10 min readJohnny UnarJohnny Unar

Stop Forcing Analytics Through Django ORM

Reporting code packed into chained QuerySets gets slow, fragile, and unreadable. Put heavy analytics back in SQL, where Postgres can actually help you.

the orm is the wrong tool

Django's ORM is excellent for transactional application code, CRUD screens, permission filters, and the kind of business logic where readability matters more than squeezing every last drop out of the query planner. Reporting is a different job entirely.
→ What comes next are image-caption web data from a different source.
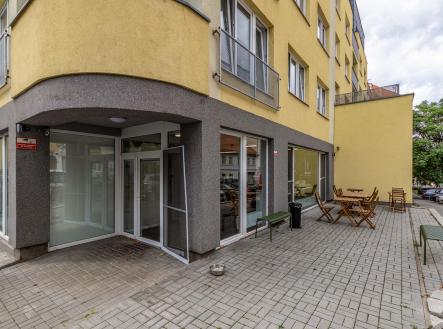 Prodej obchodní prostor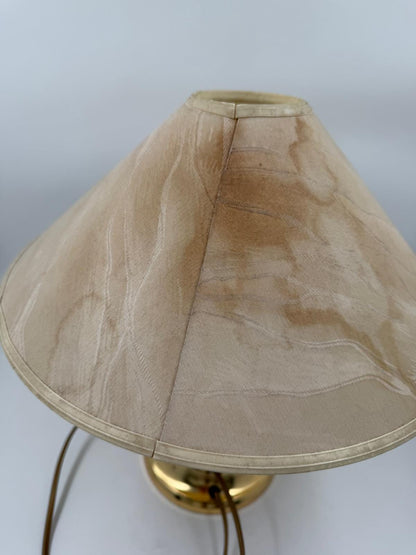 Vintage Tischlampe mit Keramik- oder Porzellan-Korpus und messingfarbenem Fuß, beiger Stoffschirm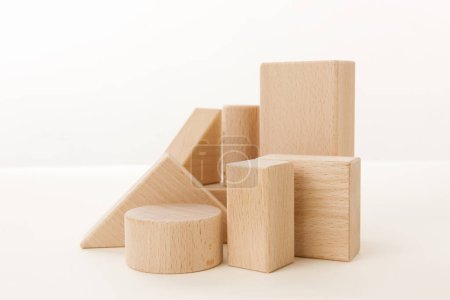 Téléchargez les photos : Vue rapprochée des nouveaux blocs de bois. - en image libre de droit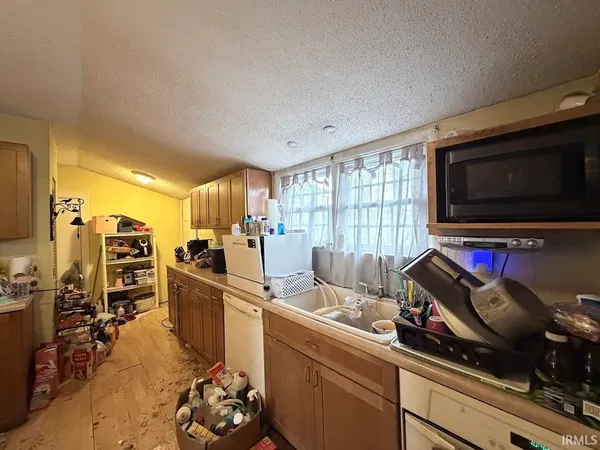 $82,000 | 2212 East Greenville Pike, Winchester, IN 47394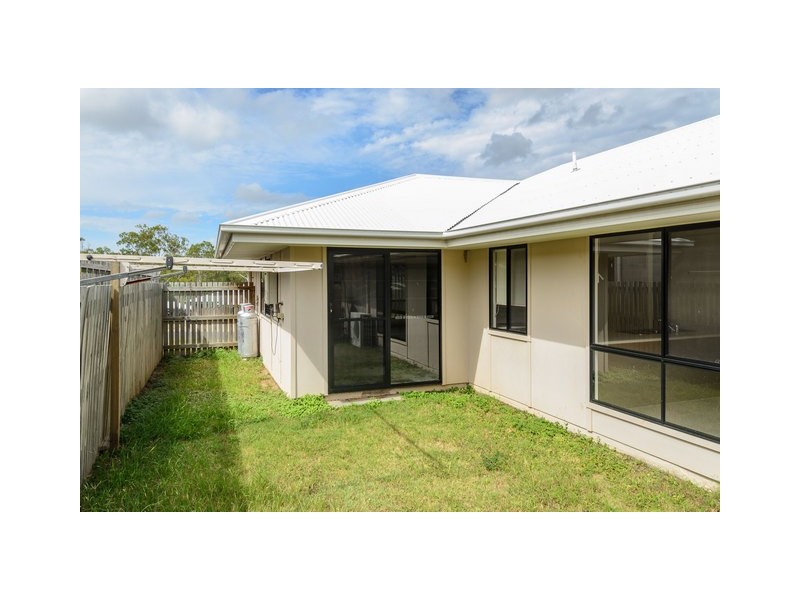 5 STONEYBROOK DRIVE, Glen Eden QLD 4680
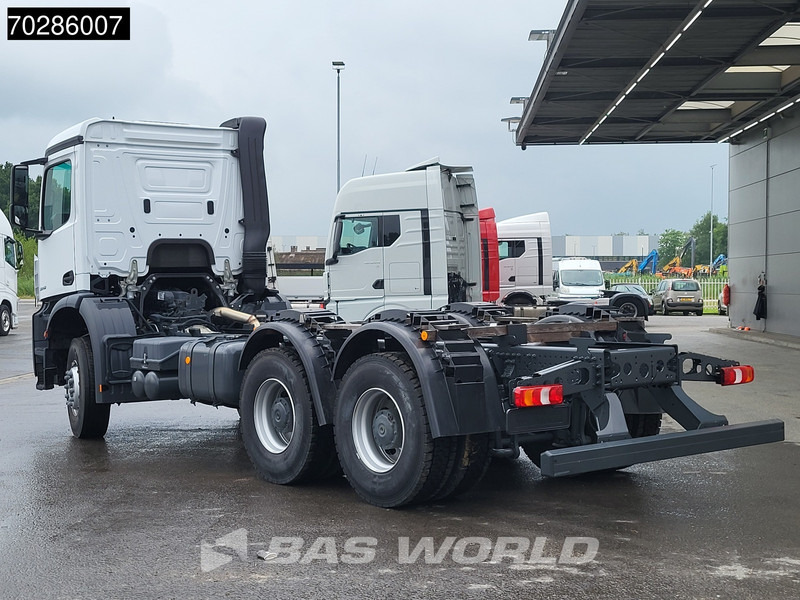 Mercedes-Benz Arocs 3342 6X4 NEW 6x4 chassis Big-Axle Automatic Steel suspension Euro 3 - Camião chassi: foto 2 Mercedes-Benz Arocs 3342 6X4 NEW 6x4 chassis Big-Axle Automatic Steel suspension Euro 3 - Camião chassi: foto 2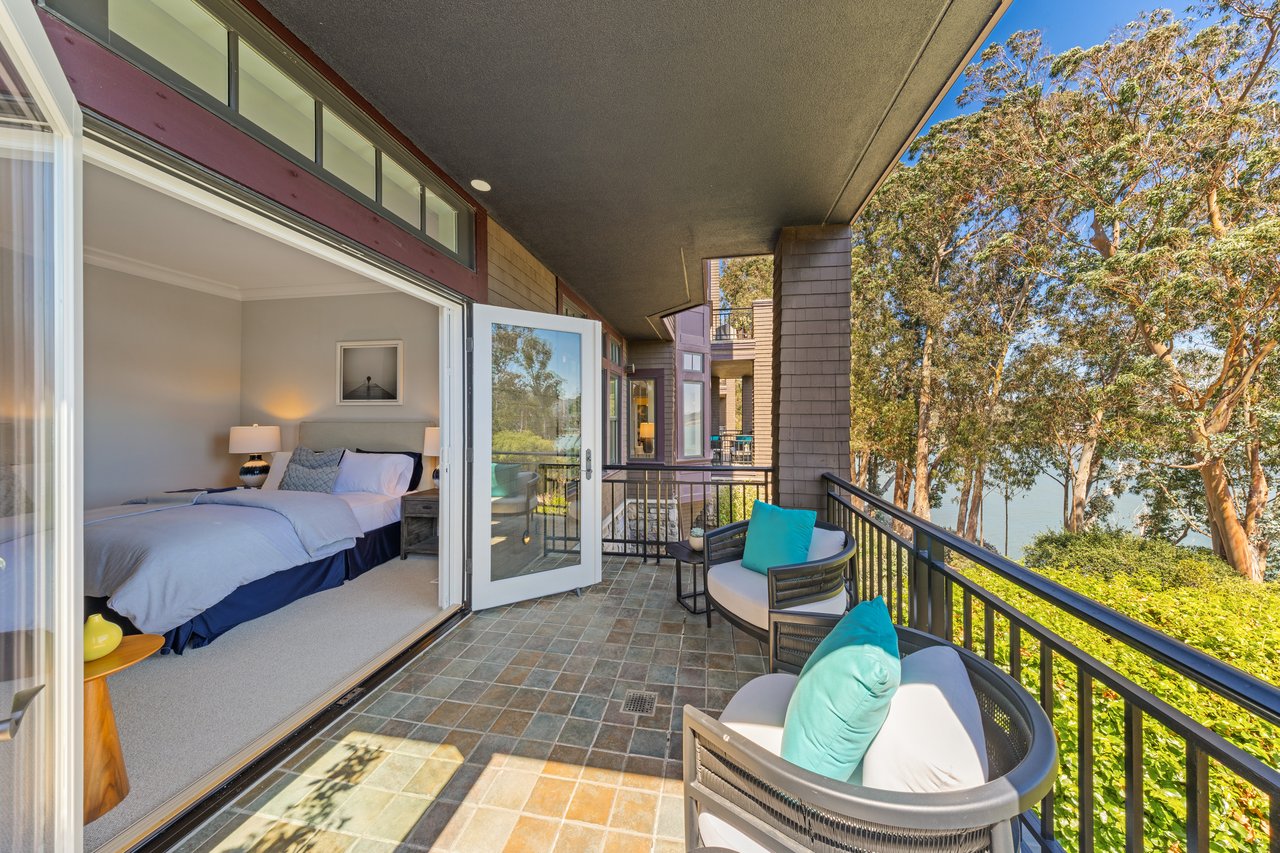 62 De Silva Island Drive Mill Valley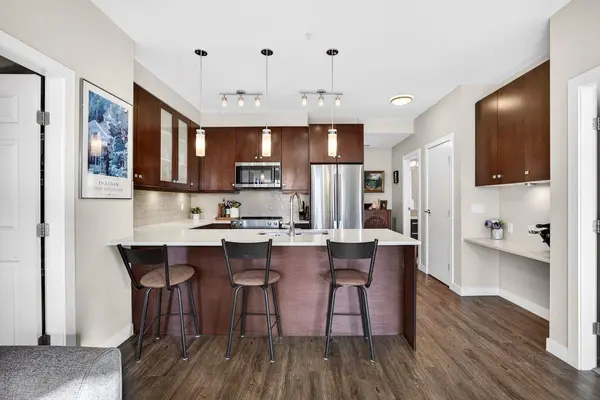 1720 10 ST SW #306, Calgary, AB T2T 3E8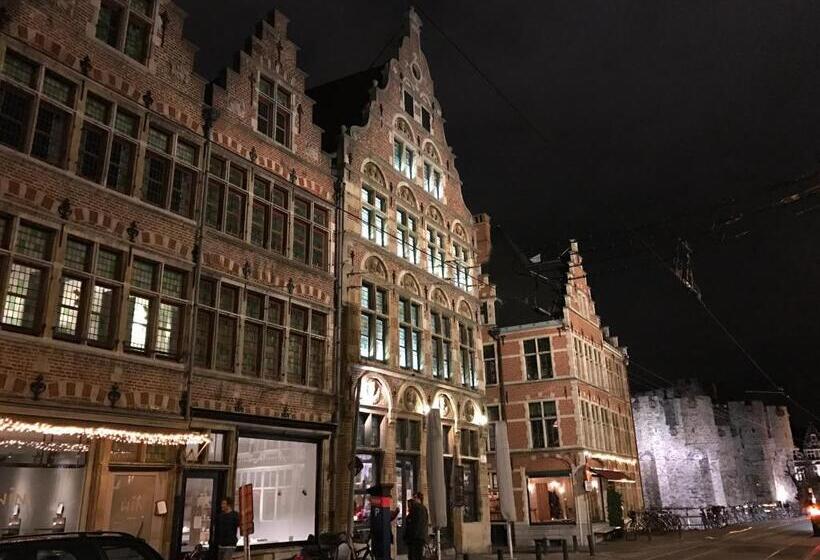 تختخواب و صبحانه Burgstraat 8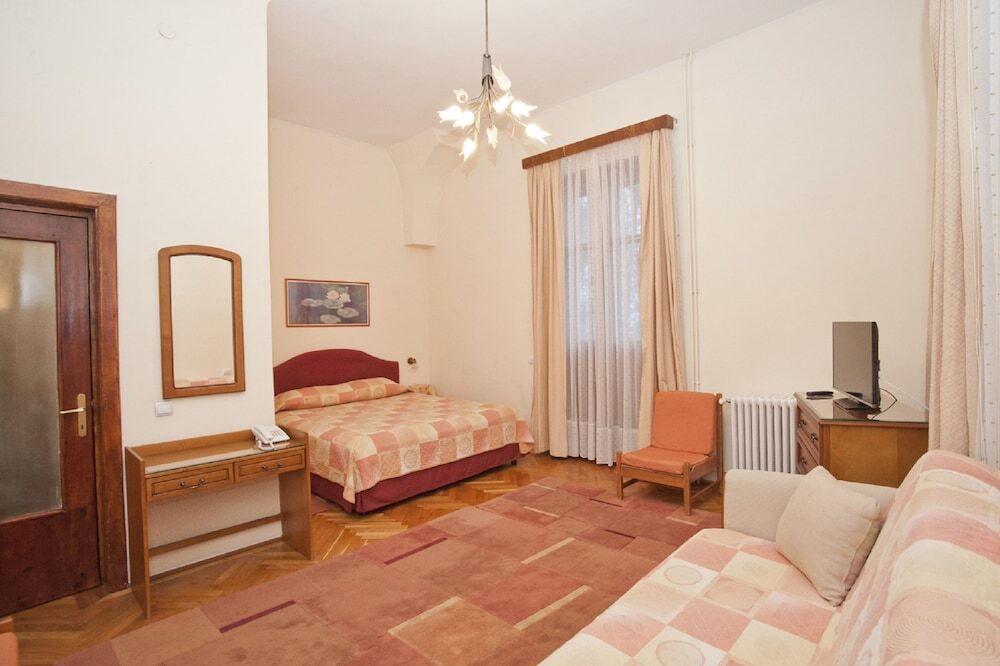 Vila Camelia Sinaia Exteriör bild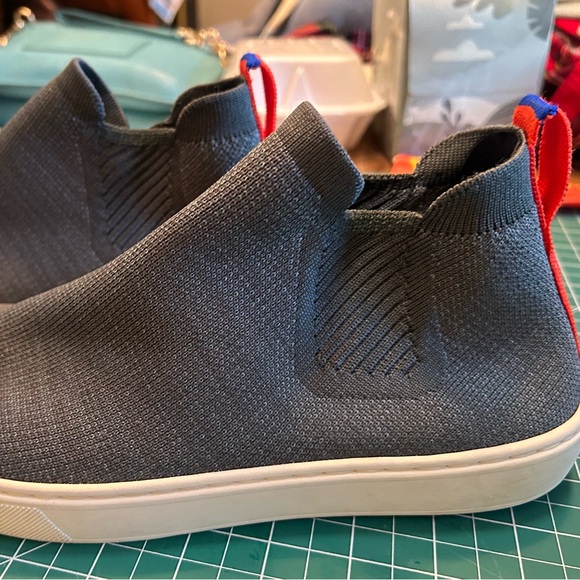 Rothys The Chelsea High Top Knit Gray Pull On Women Ankle Sneaker - Picture 3 of 6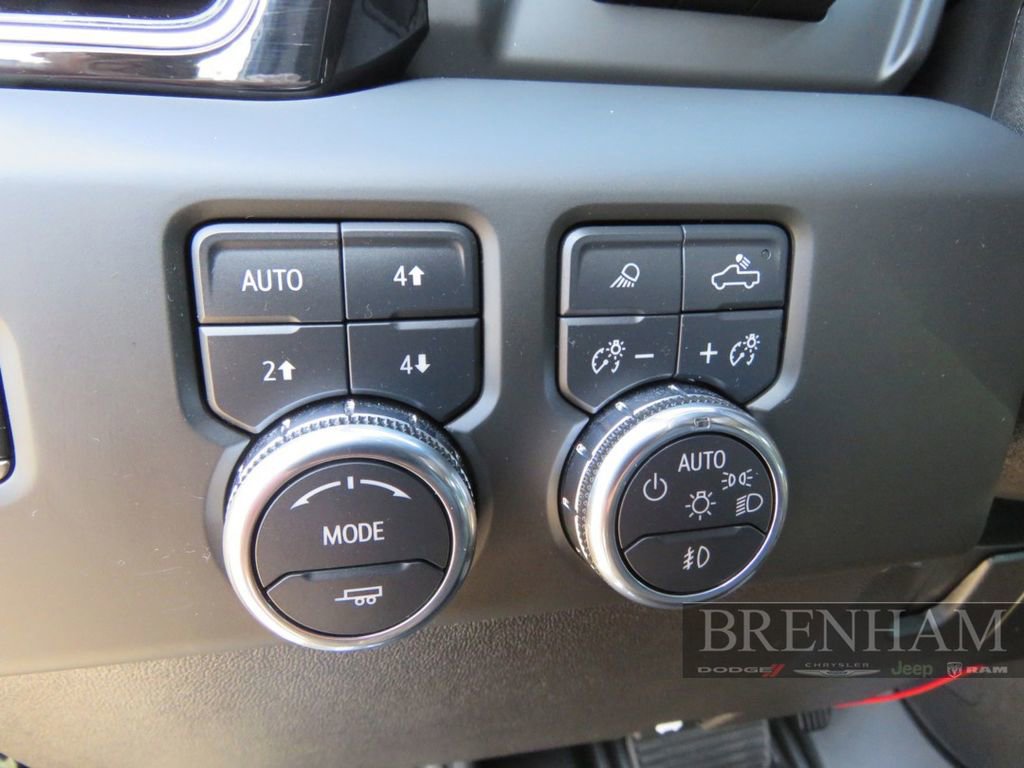 Used 2025 GMC Sierra 3500 Denali w/ Technology Package image 18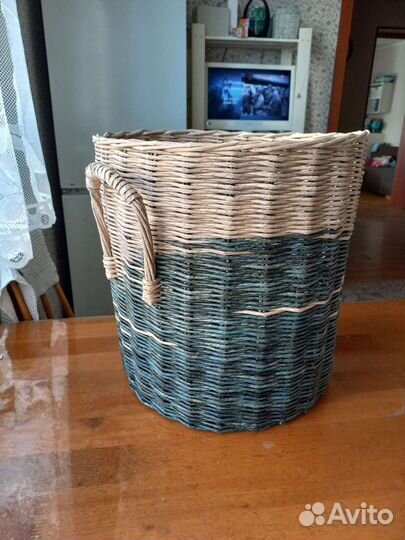 Корзина плетеная из бумажной лозы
The moment a query needs five joins, a partitioned rank, a rolling 30 day metric, conditional aggregates, and a couple of carefully placed filters to avoid double counting, trying to express that as chained QuerySets becomes a small act of self-harm.

We've inherited codebases where a monthly revenue report lived inside a manager method with twelve annotate() calls, three nested Subquery() expressions, OuterRef() flying around like shrapnel, and a final .values() that silently changed the grouping semantics because one extra column snuck in during a refactor. Nobody wanted to touch it, everybody feared it, and the generated SQL looked like something the ORM emitted after losing an argument with itself. Django did exactly what it was asked to do, which is the problem.

SQL already has names for the things reporting needs. Common table expressions let you break a query into stages that humans can read. Window functions let you compute ranks, moving averages, and percentiles without dragging half the dataset into Python. FILTER (WHERE ...) is cleaner than spraying Case and When expressions through every aggregate. date_trunc, generate_series, lag, lead, dense_rank, sum(...) over (...), these exist for a reason.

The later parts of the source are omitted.